Work task: All records, minus the pictures: write them out exactly.

>>>>>

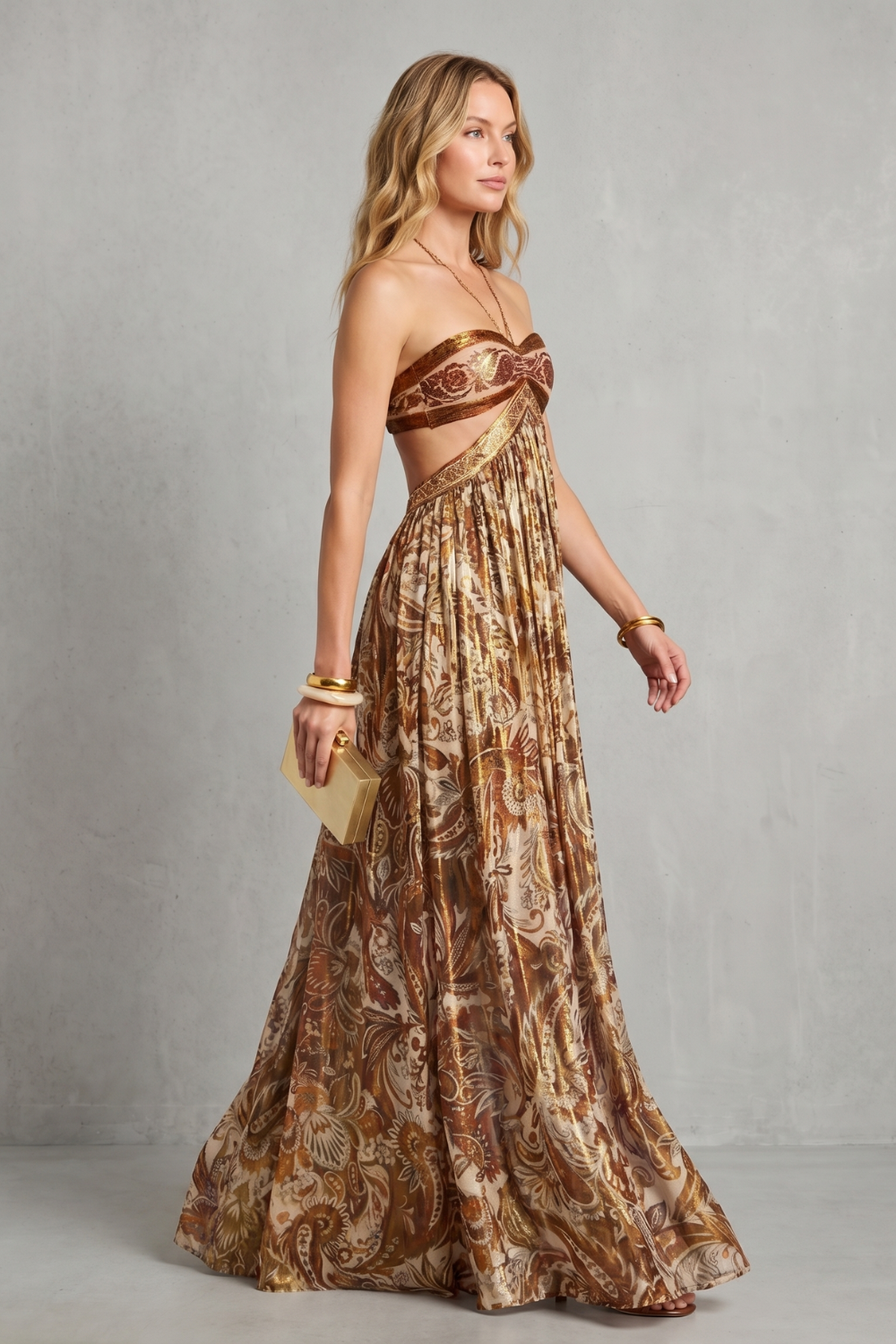 Bohemira – Vestido longo frente única com estampa Paisley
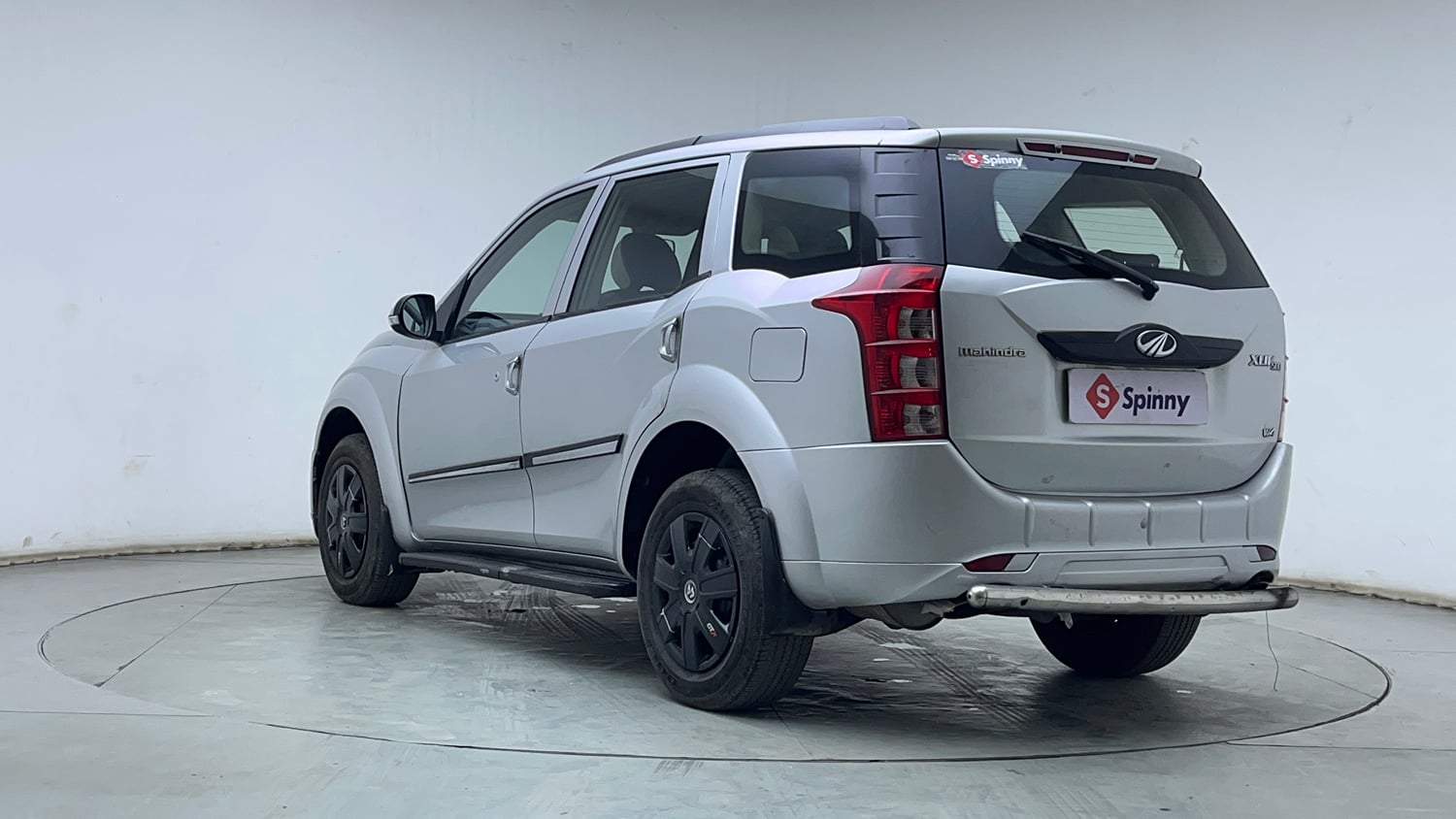 Used 2017 Mahindra XUV500 W4 Diesel Manual exterior LEFT REAR CORNER VIEW
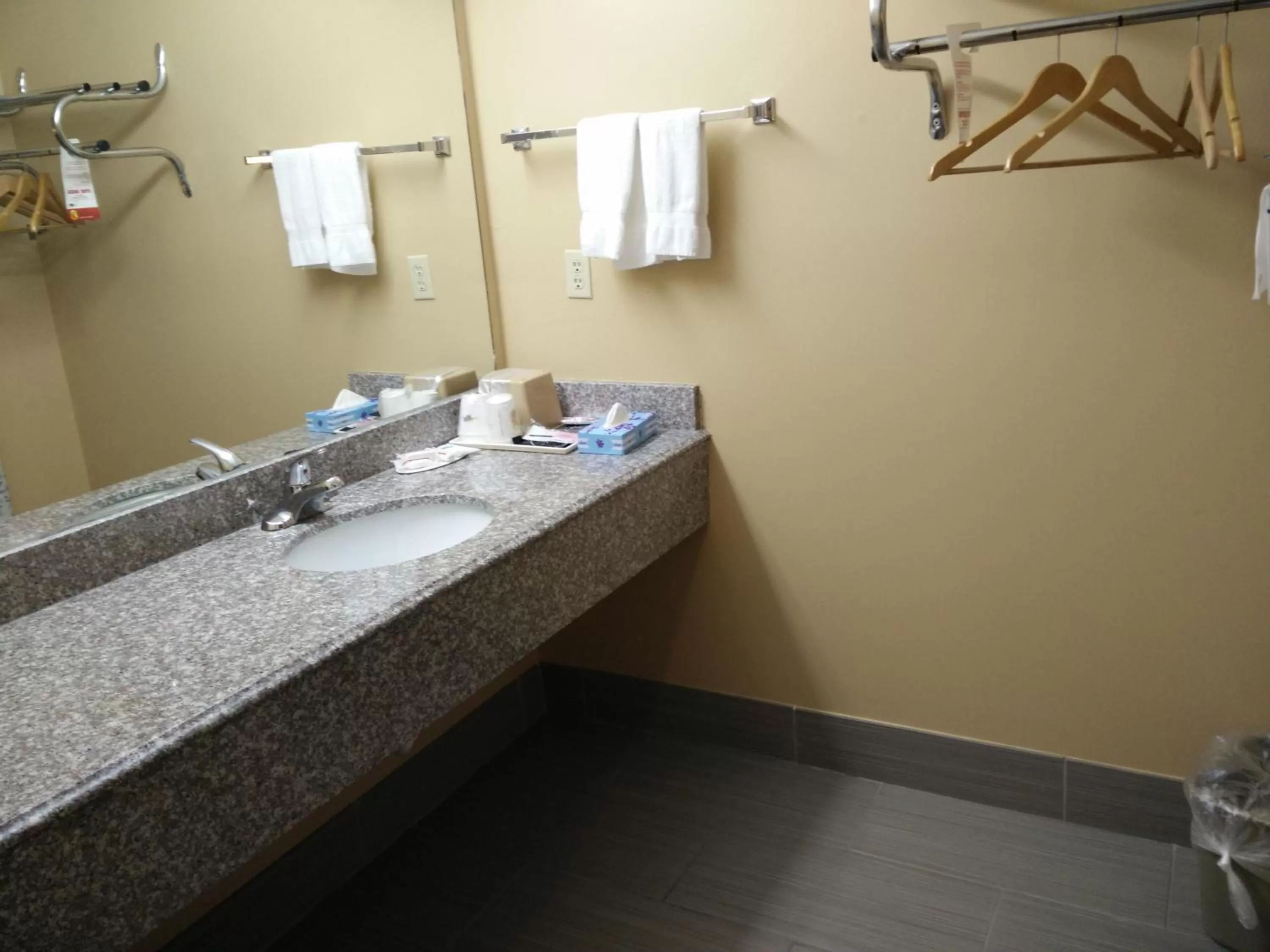 King Room - Smoking  in Super 8 by Wyndham Willowbrook Houston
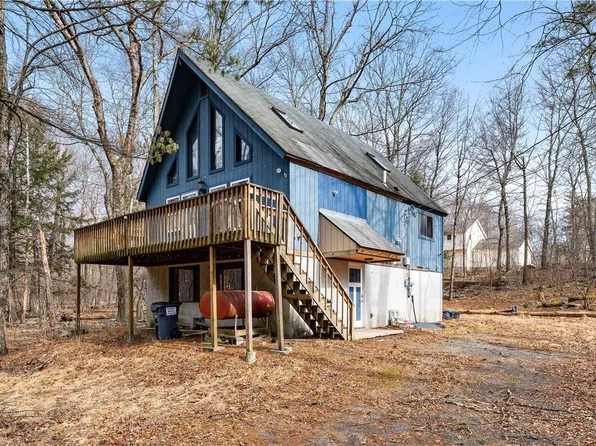 3194 Leisure Lands Rd, East Stroudsburg, PA 18302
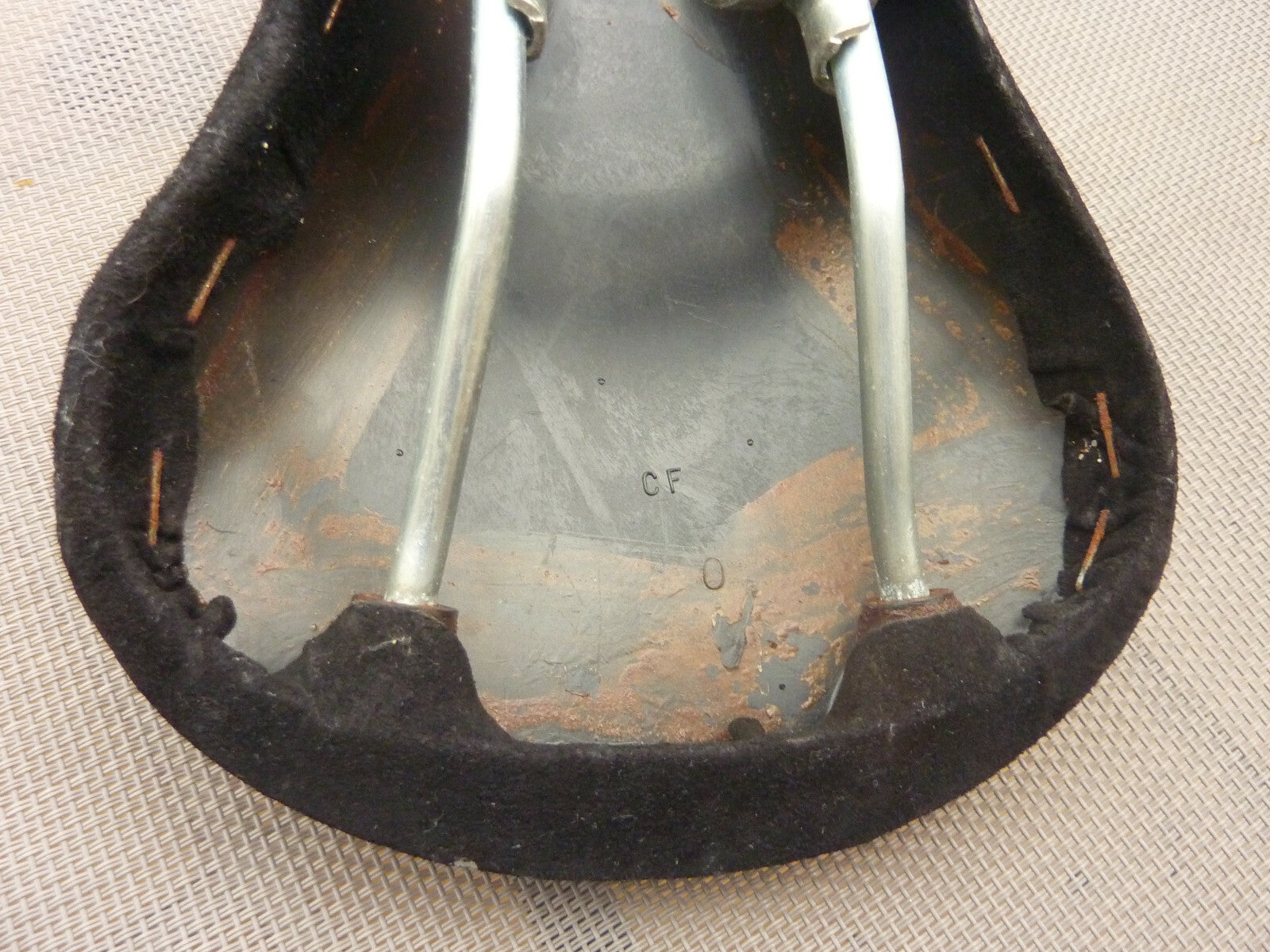 NOS SELLE Perache CF rembourée velours VELO  VINTAGE SPORT selle Saddle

<<<<<

Answer space:
 Bohemira – Vestido longo frente única com estampa Paisley
 Used 2017 Mahindra XUV500 W4 Diesel Manual exterior LEFT REAR CORNER VIEW
 King Room - Smoking  in Super 8 by Wyndham Willowbrook Houston
 3194 Leisure Lands Rd, East Stroudsburg, PA 18302
 NOS SELLE Perache CF rembourée velours VELO  VINTAGE SPORT selle Saddle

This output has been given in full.